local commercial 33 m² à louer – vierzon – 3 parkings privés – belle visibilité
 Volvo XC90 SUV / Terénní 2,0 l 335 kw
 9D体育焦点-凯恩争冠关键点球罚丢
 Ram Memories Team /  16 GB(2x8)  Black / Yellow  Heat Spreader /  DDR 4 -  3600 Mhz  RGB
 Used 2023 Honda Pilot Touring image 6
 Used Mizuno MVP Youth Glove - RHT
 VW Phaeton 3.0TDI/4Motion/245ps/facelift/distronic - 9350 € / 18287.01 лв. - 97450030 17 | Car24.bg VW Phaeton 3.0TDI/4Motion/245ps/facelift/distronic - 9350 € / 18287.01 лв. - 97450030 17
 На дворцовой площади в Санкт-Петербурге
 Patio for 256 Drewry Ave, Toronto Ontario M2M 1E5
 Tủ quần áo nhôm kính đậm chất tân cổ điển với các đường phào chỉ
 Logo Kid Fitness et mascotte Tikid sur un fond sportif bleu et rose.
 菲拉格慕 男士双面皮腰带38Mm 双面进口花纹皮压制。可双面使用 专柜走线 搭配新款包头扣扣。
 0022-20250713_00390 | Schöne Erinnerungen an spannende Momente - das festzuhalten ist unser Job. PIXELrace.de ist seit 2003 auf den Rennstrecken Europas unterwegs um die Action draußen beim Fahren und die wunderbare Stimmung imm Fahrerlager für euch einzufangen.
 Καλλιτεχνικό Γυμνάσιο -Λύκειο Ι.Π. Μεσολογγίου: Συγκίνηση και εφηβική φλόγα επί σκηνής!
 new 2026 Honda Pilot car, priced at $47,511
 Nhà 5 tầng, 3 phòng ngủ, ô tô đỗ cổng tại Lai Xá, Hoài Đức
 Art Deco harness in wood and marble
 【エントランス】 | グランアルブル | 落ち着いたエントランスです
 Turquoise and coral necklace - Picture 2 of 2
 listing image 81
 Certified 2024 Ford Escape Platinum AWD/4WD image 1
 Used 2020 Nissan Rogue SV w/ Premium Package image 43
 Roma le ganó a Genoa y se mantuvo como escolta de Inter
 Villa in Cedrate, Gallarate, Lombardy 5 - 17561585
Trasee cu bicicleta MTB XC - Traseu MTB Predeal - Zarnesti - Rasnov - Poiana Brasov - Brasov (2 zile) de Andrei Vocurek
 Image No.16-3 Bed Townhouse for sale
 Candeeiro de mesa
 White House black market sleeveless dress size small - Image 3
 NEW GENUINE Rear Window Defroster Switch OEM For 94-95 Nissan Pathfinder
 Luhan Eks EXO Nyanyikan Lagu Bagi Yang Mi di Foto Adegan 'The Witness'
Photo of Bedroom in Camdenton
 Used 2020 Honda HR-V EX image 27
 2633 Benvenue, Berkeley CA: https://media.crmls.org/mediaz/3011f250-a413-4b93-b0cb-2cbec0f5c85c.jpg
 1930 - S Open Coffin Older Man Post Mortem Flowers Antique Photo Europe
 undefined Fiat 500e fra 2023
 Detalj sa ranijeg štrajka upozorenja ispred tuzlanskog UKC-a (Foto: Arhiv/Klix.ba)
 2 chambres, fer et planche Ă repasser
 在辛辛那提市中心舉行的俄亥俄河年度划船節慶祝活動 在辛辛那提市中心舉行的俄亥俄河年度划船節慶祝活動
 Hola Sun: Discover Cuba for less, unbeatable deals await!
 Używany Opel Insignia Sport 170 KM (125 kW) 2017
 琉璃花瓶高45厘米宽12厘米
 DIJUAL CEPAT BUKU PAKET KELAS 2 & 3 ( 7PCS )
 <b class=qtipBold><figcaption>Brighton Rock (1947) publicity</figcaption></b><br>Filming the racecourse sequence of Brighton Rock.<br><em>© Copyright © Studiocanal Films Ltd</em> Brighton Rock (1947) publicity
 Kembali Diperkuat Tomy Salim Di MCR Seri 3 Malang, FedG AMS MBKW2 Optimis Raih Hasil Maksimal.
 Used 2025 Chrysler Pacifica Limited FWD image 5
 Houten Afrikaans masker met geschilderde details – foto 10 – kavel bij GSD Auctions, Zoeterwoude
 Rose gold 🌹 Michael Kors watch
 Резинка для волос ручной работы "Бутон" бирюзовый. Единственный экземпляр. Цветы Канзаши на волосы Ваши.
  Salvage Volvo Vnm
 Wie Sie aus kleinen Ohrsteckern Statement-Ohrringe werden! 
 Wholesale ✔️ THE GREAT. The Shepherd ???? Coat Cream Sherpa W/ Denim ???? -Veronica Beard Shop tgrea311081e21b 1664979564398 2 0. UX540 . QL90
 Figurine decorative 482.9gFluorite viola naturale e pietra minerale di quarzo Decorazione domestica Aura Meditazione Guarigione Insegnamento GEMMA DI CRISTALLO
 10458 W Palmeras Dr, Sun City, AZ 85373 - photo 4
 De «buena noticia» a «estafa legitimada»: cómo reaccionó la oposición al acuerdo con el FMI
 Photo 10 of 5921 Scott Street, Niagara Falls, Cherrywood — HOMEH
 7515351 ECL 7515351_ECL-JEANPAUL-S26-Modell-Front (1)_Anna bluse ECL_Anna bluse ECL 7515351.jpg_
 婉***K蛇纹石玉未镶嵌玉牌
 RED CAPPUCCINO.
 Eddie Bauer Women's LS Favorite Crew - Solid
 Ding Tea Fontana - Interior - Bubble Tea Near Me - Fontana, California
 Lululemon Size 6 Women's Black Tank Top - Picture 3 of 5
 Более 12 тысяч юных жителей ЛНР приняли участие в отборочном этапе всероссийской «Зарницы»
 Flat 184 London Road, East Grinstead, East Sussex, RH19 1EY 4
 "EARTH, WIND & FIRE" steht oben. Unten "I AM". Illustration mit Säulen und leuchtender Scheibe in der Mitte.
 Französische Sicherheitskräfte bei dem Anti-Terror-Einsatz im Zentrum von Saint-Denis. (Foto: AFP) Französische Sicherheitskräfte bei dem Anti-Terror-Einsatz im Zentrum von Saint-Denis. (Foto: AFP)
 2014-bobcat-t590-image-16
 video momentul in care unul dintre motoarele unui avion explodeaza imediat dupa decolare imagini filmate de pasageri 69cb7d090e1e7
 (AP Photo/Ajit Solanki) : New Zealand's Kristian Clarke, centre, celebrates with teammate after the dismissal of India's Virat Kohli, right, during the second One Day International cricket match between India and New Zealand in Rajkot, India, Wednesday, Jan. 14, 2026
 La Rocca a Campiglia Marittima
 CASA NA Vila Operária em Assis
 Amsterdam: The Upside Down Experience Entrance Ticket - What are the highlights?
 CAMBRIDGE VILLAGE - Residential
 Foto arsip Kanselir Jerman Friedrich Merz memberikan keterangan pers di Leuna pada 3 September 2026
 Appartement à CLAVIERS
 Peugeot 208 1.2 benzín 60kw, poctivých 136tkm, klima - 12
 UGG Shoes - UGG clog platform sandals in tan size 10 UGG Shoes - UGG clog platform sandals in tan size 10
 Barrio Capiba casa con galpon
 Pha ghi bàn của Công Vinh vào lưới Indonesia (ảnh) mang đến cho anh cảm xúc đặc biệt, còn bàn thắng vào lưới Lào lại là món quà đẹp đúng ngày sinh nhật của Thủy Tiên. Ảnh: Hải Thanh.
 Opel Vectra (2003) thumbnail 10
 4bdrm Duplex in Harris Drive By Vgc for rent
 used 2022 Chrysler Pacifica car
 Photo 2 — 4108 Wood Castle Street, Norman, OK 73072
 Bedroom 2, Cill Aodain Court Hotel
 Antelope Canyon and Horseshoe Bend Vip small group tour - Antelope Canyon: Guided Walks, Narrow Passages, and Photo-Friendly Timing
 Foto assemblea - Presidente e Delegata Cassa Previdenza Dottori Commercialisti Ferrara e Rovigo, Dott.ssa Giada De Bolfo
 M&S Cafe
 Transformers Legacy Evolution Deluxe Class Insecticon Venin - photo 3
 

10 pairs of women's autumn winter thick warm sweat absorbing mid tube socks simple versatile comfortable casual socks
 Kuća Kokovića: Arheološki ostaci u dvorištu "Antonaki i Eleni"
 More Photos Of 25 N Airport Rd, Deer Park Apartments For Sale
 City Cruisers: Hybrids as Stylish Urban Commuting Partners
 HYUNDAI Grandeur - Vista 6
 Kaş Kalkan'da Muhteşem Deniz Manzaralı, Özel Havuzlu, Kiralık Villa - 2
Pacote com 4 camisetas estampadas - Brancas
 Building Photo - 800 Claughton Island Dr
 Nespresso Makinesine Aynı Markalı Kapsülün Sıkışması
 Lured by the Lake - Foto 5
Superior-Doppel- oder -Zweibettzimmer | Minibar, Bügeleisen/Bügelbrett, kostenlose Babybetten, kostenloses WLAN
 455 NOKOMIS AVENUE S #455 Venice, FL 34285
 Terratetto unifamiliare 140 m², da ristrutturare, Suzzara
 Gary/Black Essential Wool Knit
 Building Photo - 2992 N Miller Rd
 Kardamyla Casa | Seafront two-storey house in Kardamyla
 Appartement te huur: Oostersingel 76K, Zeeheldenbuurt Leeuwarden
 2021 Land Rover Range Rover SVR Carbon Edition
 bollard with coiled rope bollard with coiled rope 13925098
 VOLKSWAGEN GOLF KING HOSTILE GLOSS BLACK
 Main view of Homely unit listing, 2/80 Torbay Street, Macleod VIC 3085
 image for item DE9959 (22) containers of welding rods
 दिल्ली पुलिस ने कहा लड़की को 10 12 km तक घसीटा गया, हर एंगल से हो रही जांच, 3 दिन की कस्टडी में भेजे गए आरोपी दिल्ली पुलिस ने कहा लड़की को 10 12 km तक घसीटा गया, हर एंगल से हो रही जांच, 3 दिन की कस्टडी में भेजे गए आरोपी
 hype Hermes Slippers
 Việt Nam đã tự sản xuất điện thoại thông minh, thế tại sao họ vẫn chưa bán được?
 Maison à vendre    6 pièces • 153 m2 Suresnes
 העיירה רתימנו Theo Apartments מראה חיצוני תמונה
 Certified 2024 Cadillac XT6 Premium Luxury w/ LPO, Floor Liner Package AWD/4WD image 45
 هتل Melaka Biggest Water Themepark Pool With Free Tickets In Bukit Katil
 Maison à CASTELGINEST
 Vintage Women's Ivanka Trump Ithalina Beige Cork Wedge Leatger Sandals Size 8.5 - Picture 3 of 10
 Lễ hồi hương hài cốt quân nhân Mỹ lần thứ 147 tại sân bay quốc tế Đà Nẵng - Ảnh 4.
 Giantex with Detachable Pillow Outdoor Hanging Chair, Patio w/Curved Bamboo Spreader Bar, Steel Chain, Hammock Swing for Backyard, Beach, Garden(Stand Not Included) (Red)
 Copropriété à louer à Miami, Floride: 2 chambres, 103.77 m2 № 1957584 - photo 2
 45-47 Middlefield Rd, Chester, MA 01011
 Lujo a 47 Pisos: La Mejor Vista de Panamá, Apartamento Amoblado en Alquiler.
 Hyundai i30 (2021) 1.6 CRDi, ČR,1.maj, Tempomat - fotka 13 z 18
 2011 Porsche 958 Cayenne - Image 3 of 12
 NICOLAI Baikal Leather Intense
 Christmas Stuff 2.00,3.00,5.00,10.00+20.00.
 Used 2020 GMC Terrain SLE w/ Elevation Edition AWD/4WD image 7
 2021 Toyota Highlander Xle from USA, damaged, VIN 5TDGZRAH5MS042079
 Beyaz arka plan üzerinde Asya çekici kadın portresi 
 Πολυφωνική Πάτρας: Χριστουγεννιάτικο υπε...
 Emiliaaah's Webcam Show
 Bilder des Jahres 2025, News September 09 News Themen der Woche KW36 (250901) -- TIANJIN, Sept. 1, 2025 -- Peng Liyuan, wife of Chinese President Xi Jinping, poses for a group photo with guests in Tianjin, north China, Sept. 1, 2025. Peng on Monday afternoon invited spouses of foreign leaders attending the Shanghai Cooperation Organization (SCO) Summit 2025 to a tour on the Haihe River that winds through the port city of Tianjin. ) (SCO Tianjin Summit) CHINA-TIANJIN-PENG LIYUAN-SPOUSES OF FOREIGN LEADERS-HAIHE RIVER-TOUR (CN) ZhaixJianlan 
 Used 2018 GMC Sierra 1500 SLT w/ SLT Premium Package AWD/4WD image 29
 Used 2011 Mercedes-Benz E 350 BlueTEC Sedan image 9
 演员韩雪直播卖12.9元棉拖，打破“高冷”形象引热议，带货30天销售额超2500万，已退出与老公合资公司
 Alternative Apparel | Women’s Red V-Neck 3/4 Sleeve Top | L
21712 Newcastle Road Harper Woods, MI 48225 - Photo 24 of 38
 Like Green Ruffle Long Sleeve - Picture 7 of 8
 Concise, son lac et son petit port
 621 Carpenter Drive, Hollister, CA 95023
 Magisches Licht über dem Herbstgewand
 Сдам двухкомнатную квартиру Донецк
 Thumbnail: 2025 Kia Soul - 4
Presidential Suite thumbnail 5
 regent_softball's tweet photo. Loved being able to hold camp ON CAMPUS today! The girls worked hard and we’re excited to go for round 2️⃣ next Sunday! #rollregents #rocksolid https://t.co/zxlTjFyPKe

--------------------

From the entries above, restate word for word the lines from the line containing "Πολυφωνική Πάτρας: Χριστουγεννιάτικο υπε..." to the line containing "Used 2011 Mercedes-Benz", both ends included, and nothing more.

# SOLUTION TO THIS PROBLEM
 Πολυφωνική Πάτρας: Χριστουγεννιάτικο υπε...
 Emiliaaah's Webcam Show
 Bilder des Jahres 2025, News September 09 News Themen der Woche KW36 (250901) -- TIANJIN, Sept. 1, 2025 -- Peng Liyuan, wife of Chinese President Xi Jinping, poses for a group photo with guests in Tianjin, north China, Sept. 1, 2025. Peng on Monday afternoon invited spouses of foreign leaders attending the Shanghai Cooperation Organization (SCO) Summit 2025 to a tour on the Haihe River that winds through the port city of Tianjin. ) (SCO Tianjin Summit) CHINA-TIANJIN-PENG LIYUAN-SPOUSES OF FOREIGN LEADERS-HAIHE RIVER-TOUR (CN) ZhaixJianlan 
 Used 2018 GMC Sierra 1500 SLT w/ SLT Premium Package AWD/4WD image 29
 Used 2011 Mercedes-Benz E 350 BlueTEC Sedan image 9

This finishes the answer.